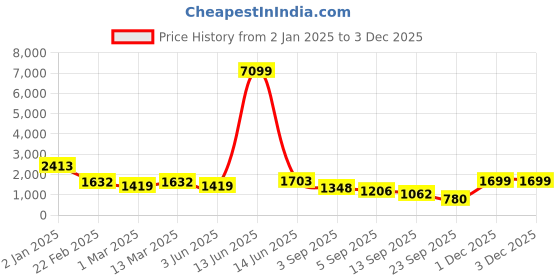 myntra.com Ishin Floral Printed Regular Thread Work Kurta With Trousers & Dupatta ishin Price History Graph from 2 Jan 2025 to 2 Dec 2025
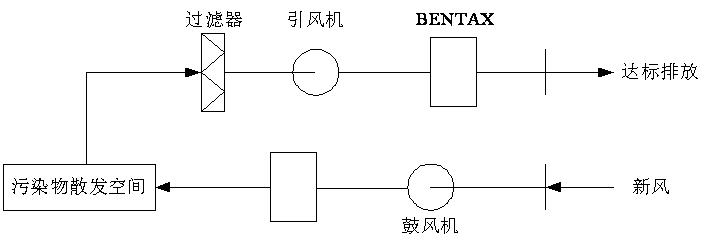 手机免费看片渗滤液处理-离子除臭法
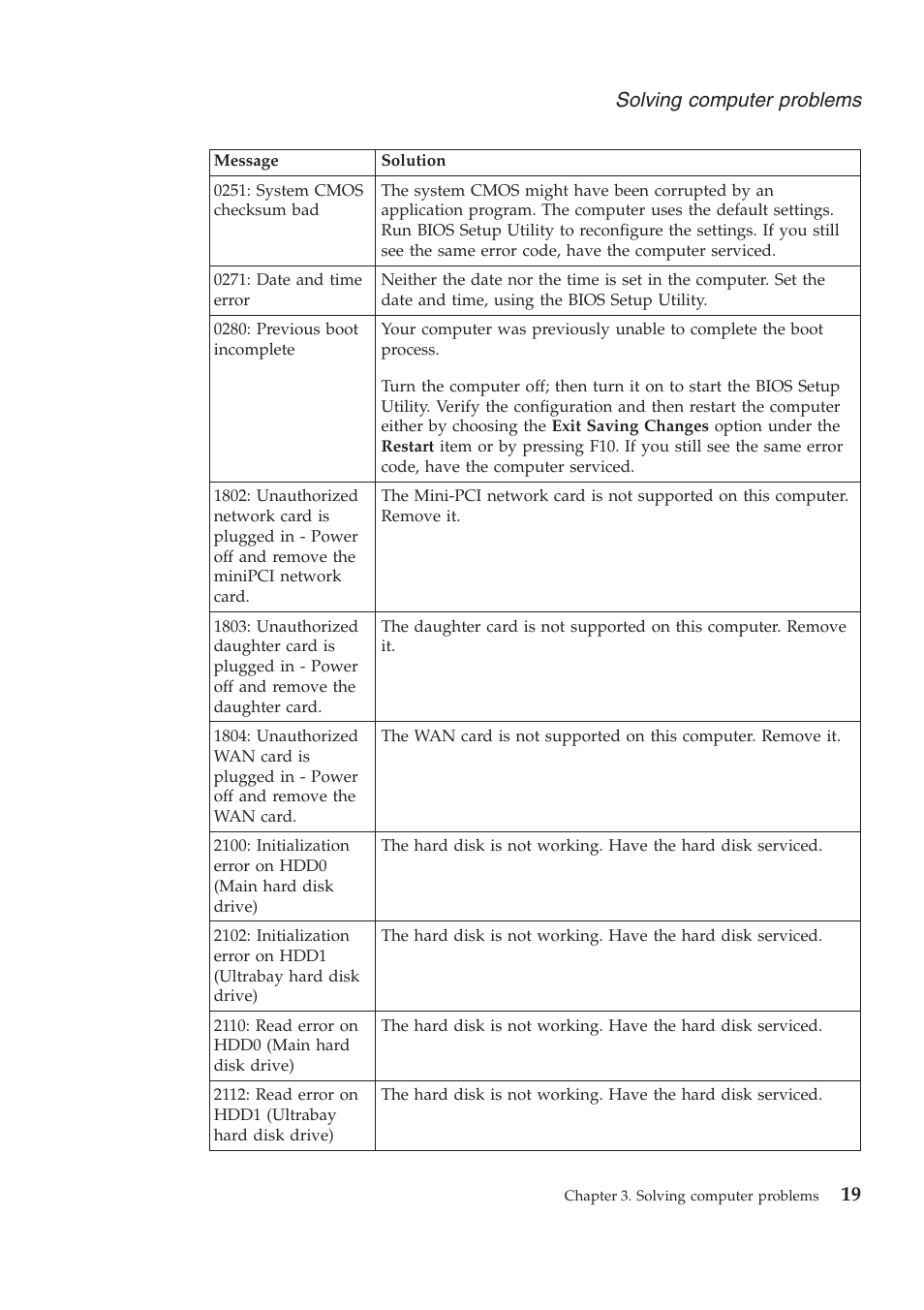 Lenovo ThinkPad Reserve Edition User Manual | Page 29 / 80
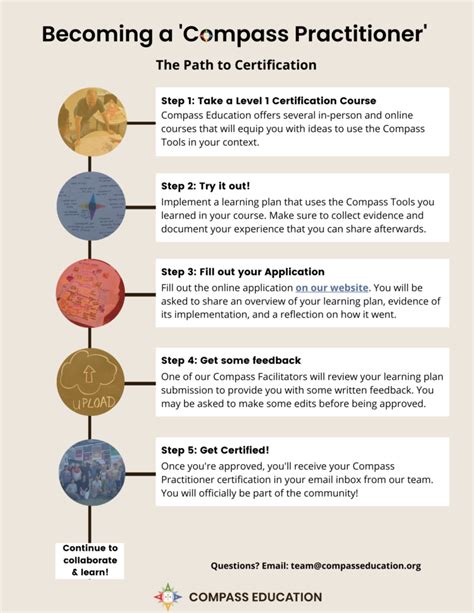 Image result for Compass Training Course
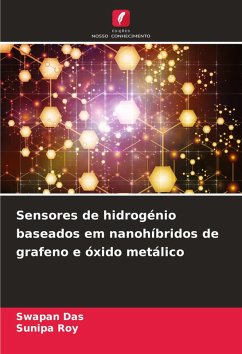 Sensores de hidrogénio baseados em nanohíbridos de grafeno e óxido metálico - Das, Swapan;Roy, Sunipa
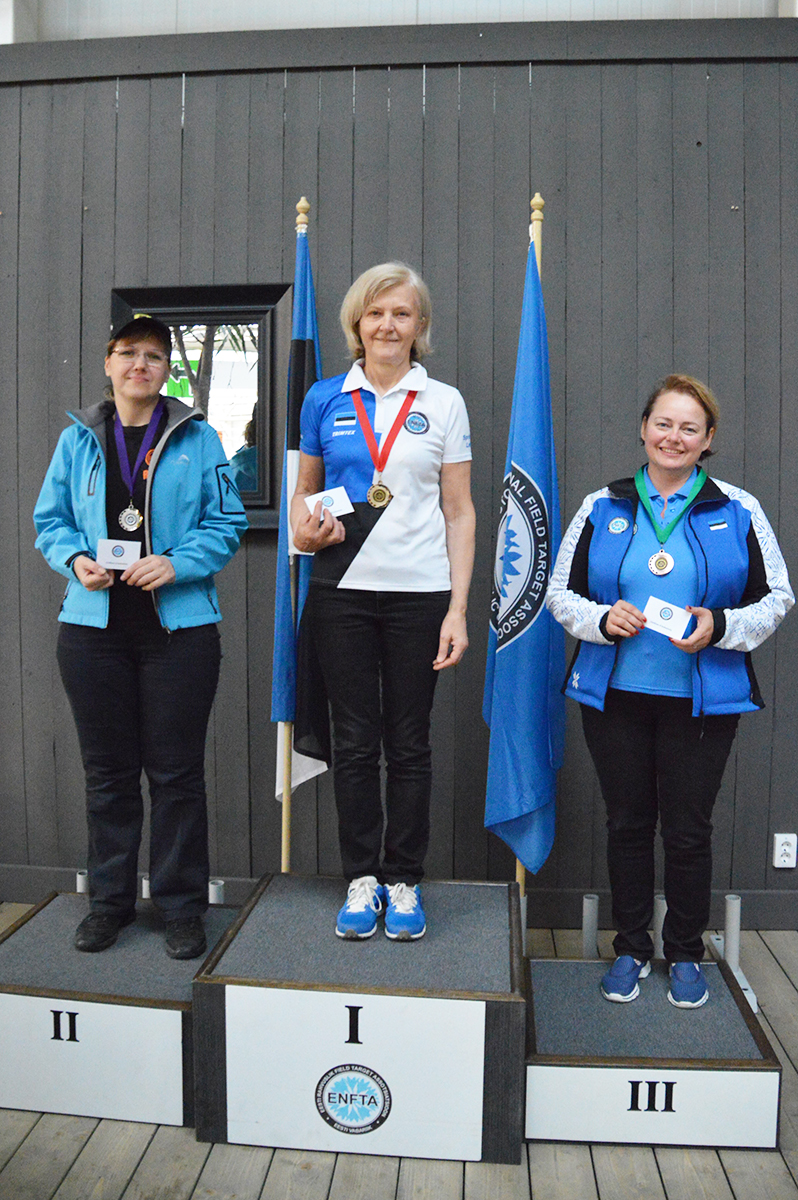 Category Springer class Lady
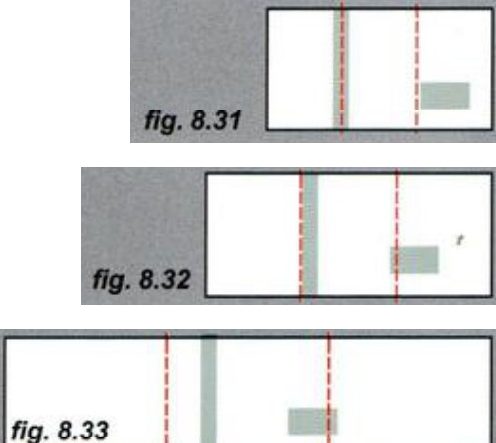 Three small diagrams of increasingly wide frames, each with a grey vertical bar for the woman, a grey block for the yacht, and two red dotted lines.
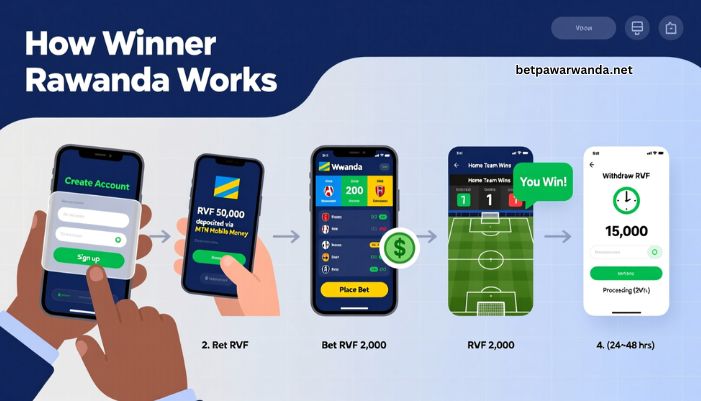 winner rwanda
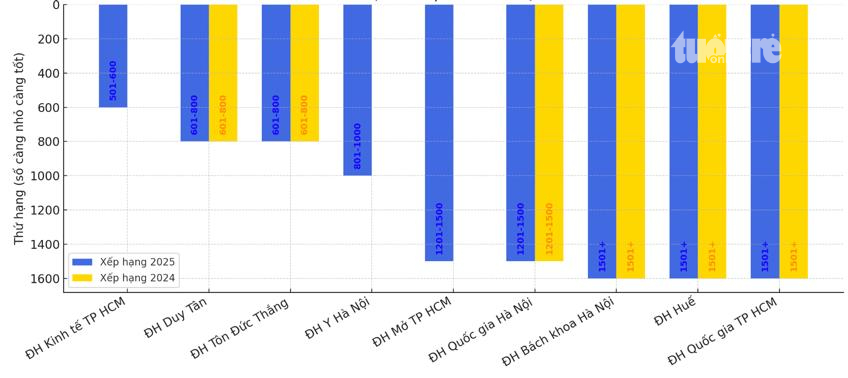 Đại học Việt Nam nào có thứ hạng cao nhất trên bảng xếp hạng đại học thế giới? - Ảnh 2.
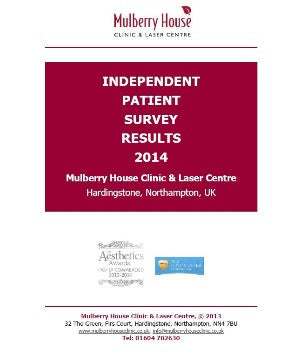 Patient Survey Results Published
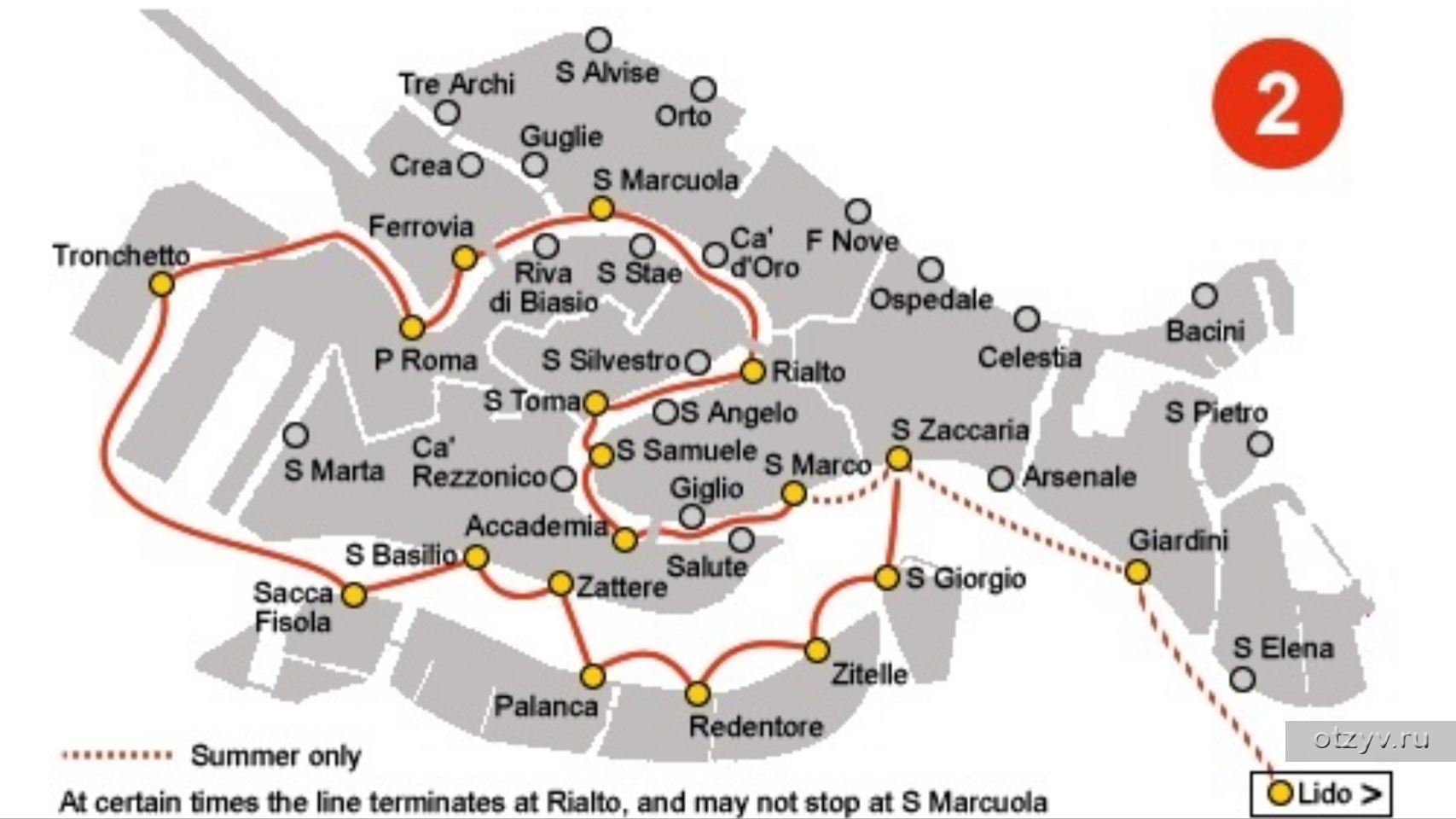 Схема транспорта венеции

________________________

* _What needs to be done_: The records are to be returned verbatim. Skip any picture they contain.

* _Result_:
 myntra.com Ishin Floral Printed Regular Thread Work Kurta With Trousers & Dupatta ishin Price History Graph from 2 Jan 2025 to 2 Dec 2025
 手机免费看片渗滤液处理-离子除臭法
 Lenovo ThinkPad Reserve Edition User Manual | Page 29 / 80
 Image result for Compass Training Course
 Sensores de hidrogénio baseados em nanohíbridos de grafeno e óxido metálico - Das, Swapan;Roy, Sunipa
 Category Springer class Lady
 Three small diagrams of increasingly wide frames, each with a grey vertical bar for the woman, a grey block for the yacht, and two red dotted lines.
 winner rwanda
 Đại học Việt Nam nào có thứ hạng cao nhất trên bảng xếp hạng đại học thế giới? - Ảnh 2.
 Patient Survey Results Published
 Схема транспорта венеции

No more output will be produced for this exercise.